■ **Exercise requirements**:
To complete this task, print all the data below exactly but leave out the images.

■ **Provided entries**:
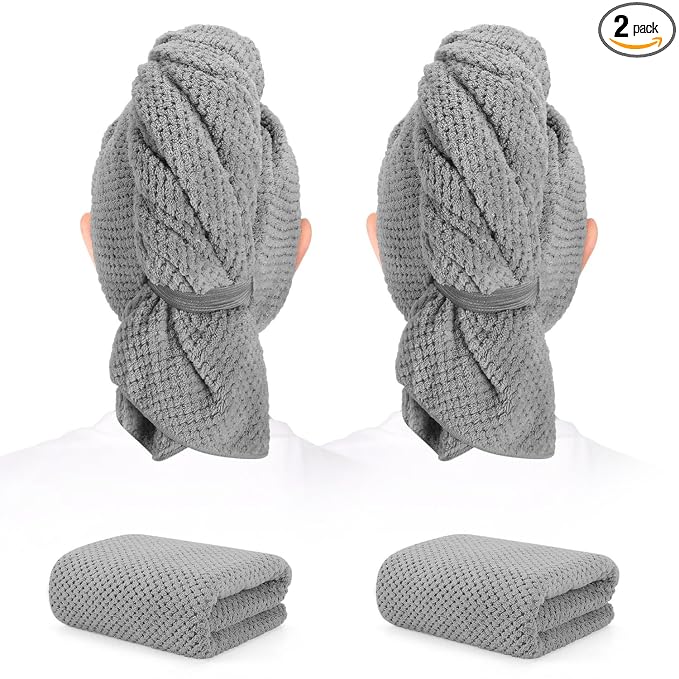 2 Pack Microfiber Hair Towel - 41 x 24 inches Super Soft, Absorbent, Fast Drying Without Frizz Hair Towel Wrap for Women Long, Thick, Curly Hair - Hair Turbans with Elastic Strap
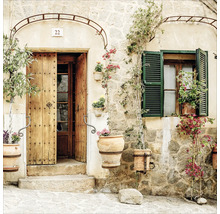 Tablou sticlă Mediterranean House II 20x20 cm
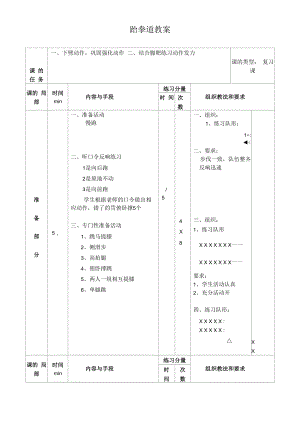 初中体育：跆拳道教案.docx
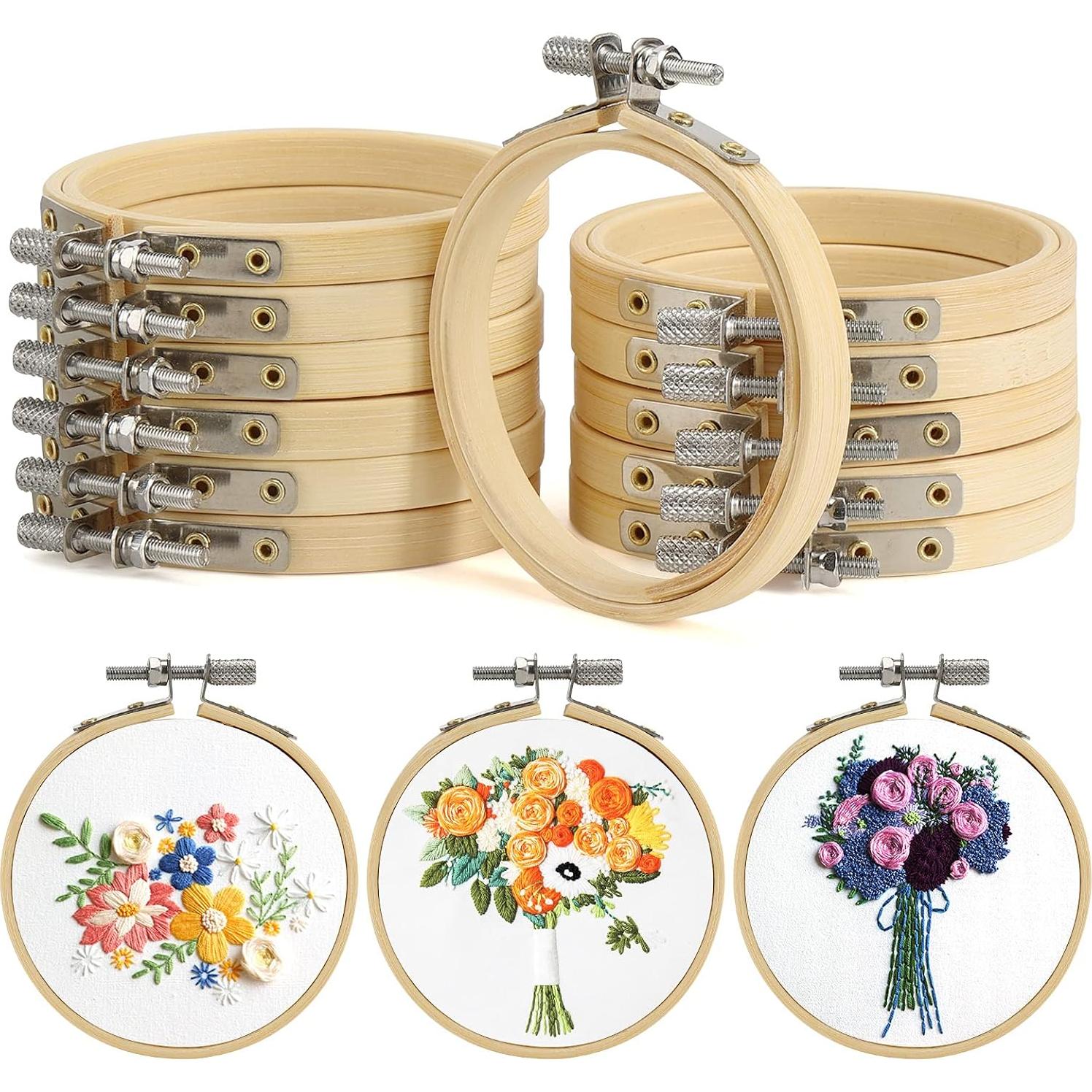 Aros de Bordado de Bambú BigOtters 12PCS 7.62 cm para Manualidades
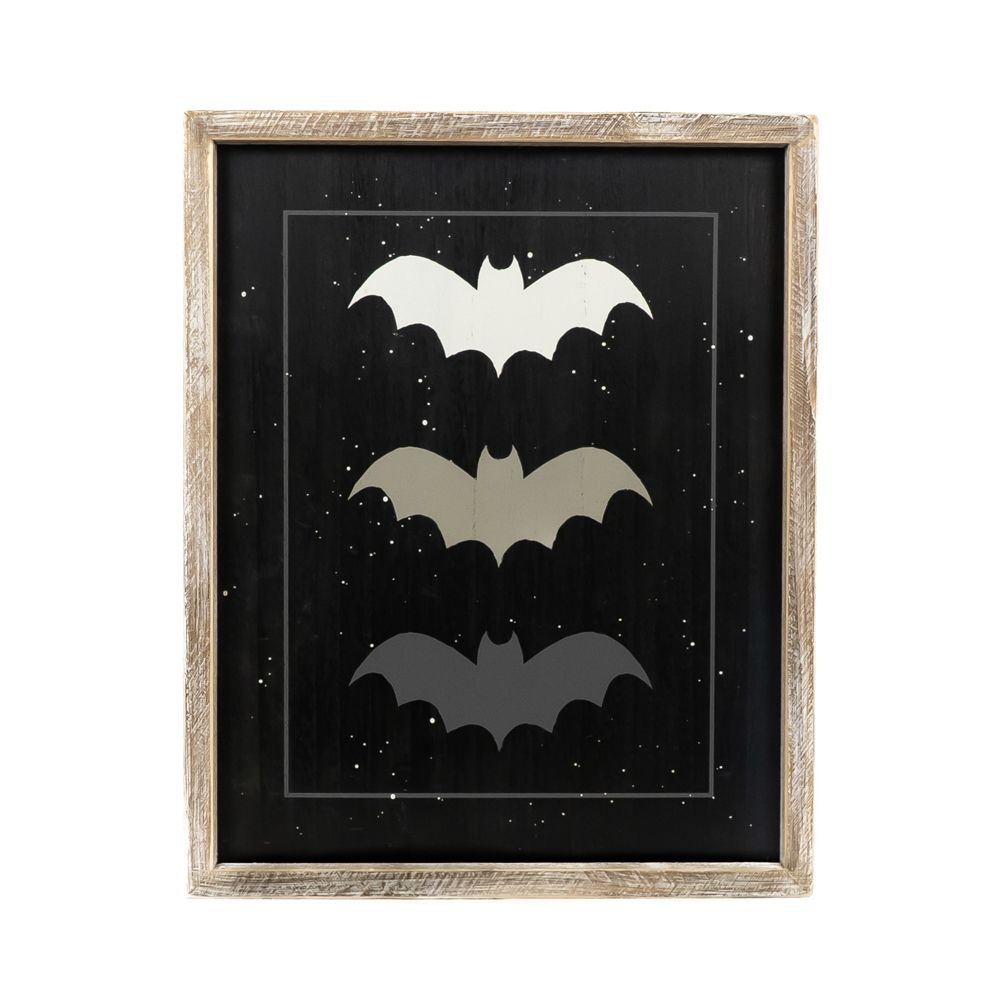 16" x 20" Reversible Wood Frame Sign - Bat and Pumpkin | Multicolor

■ **Response below**:
 2 Pack Microfiber Hair Towel - 41 x 24 inches Super Soft, Absorbent, Fast Drying Without Frizz Hair Towel Wrap for Women Long, Thick, Curly Hair - Hair Turbans with Elastic Strap
 Tablou sticlă Mediterranean House II 20x20 cm
 初中体育：跆拳道教案.docx
 Aros de Bordado de Bambú BigOtters 12PCS 7.62 cm para Manualidades
 16" x 20" Reversible Wood Frame Sign - Bat and Pumpkin | Multicolor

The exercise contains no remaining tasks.